MATERIAL PROVIDED:
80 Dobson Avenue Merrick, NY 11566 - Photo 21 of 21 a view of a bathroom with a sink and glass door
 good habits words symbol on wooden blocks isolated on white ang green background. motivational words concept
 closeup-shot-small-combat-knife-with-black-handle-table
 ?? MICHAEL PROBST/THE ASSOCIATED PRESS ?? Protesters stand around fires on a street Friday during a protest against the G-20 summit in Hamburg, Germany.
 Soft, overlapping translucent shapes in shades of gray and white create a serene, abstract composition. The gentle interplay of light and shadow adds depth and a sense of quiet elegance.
--
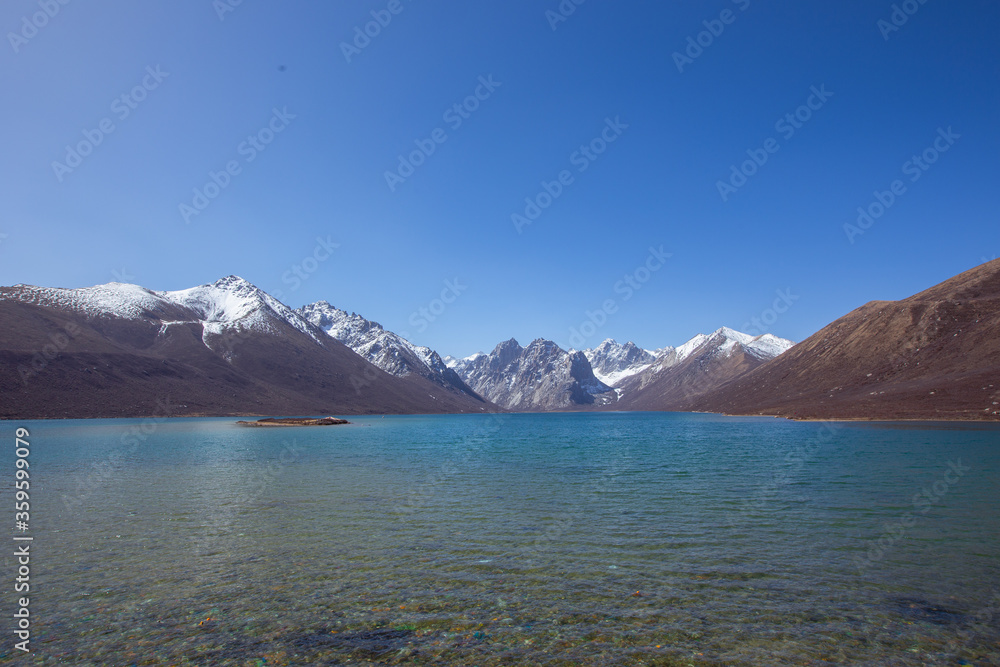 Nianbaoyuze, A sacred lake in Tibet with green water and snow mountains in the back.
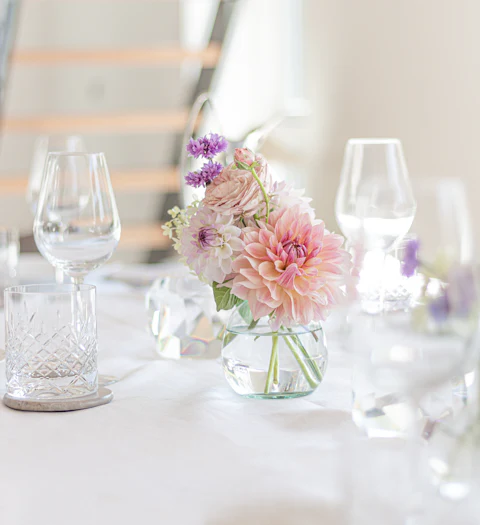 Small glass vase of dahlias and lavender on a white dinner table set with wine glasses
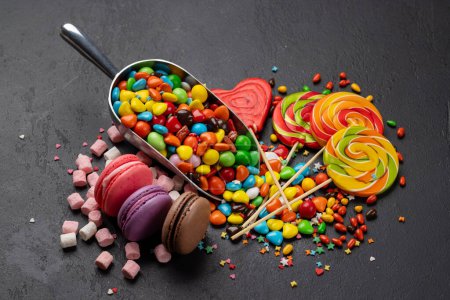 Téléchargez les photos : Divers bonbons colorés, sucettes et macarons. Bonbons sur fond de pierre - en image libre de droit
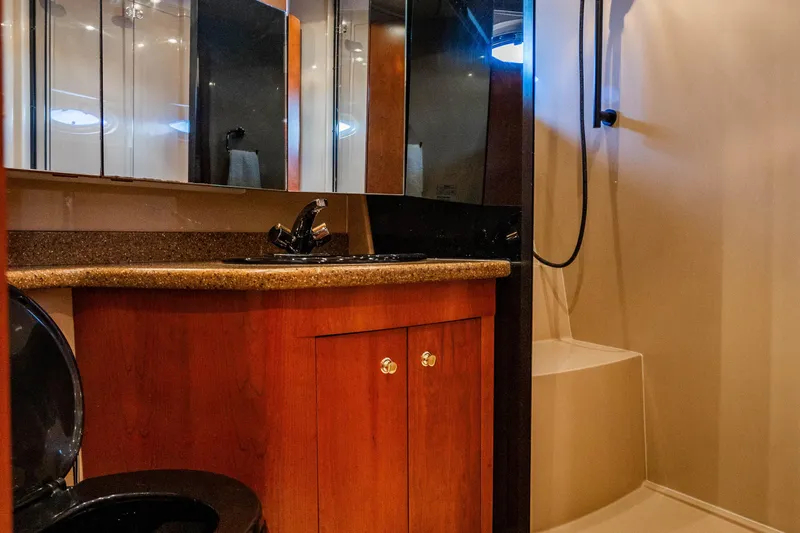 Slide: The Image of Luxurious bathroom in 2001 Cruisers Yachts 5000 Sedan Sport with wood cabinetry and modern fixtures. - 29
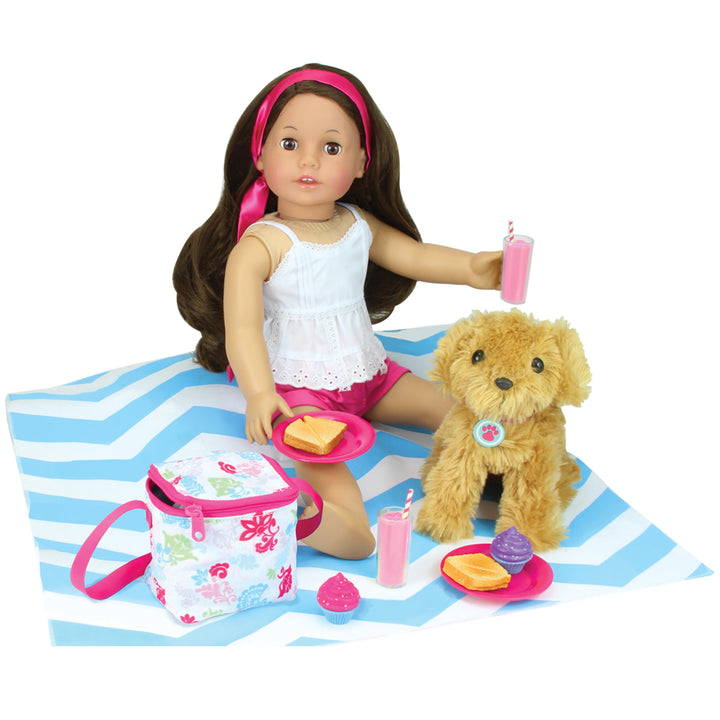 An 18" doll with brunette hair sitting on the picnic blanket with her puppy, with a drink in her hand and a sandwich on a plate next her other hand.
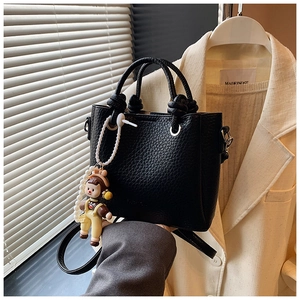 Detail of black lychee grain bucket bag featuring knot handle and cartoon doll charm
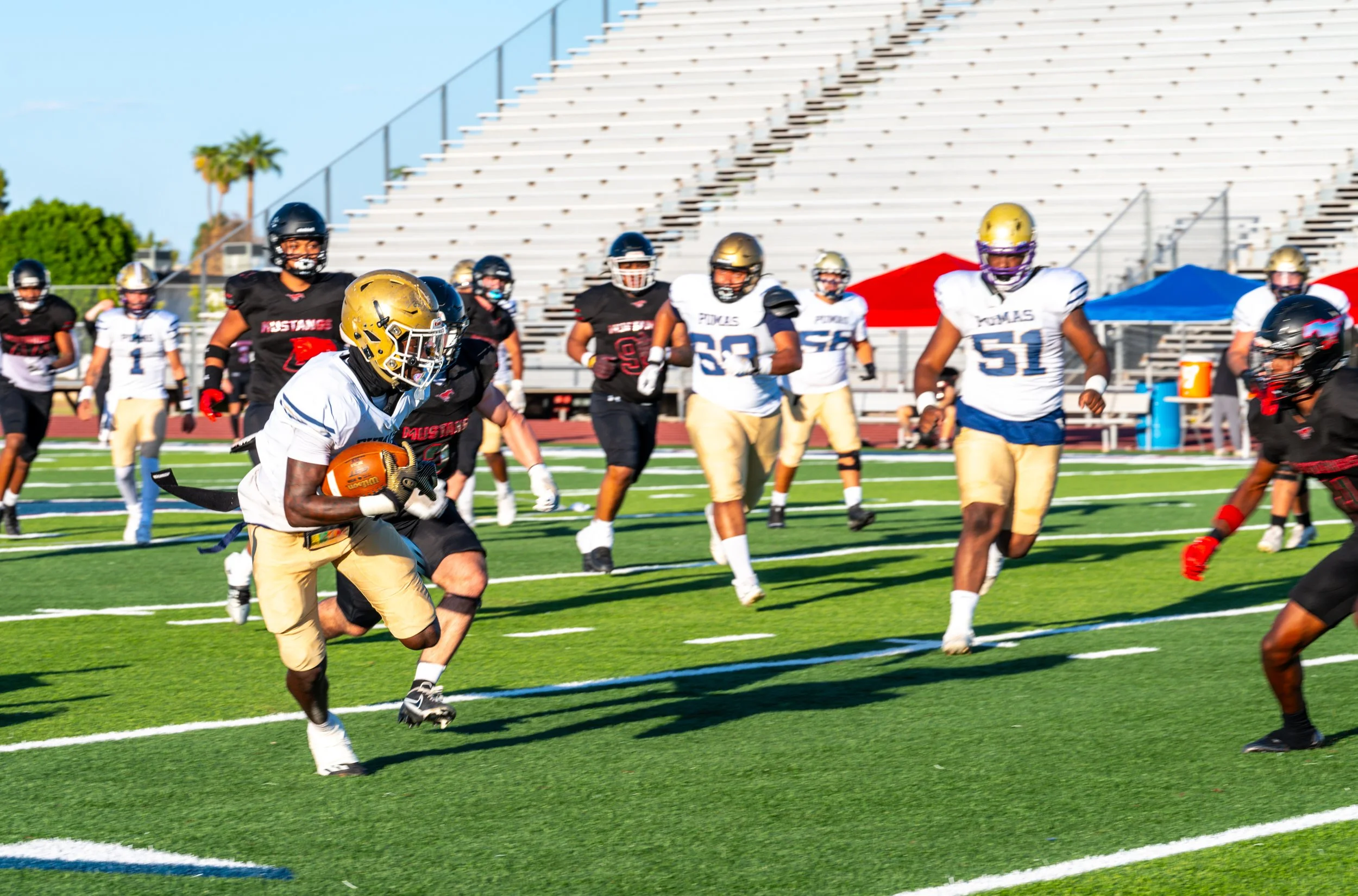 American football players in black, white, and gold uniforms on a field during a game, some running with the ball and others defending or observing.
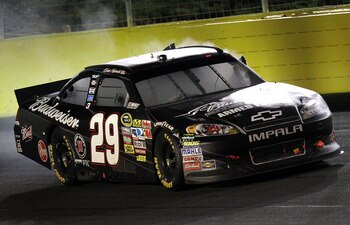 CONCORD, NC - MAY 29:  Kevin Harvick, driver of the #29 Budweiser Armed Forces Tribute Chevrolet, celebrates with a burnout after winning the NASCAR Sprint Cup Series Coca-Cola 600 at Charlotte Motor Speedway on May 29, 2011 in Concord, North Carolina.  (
---
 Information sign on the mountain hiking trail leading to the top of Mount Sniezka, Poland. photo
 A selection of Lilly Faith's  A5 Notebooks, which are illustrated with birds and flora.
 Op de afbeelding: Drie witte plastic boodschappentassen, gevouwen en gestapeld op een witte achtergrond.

ASSIGNMENT:
Using the data above, copy exactly the lines from the one containing "her other hand." to the one containing "American football players", inclusive. Exclude the pictures.

EXERCISE OUTPUT:
 An 18" doll with brunette hair sitting on the picnic blanket with her puppy, with a drink in her hand and a sandwich on a plate next her other hand.
 Detail of black lychee grain bucket bag featuring knot handle and cartoon doll charm
 American football players in black, white, and gold uniforms on a field during a game, some running with the ball and others defending or observing.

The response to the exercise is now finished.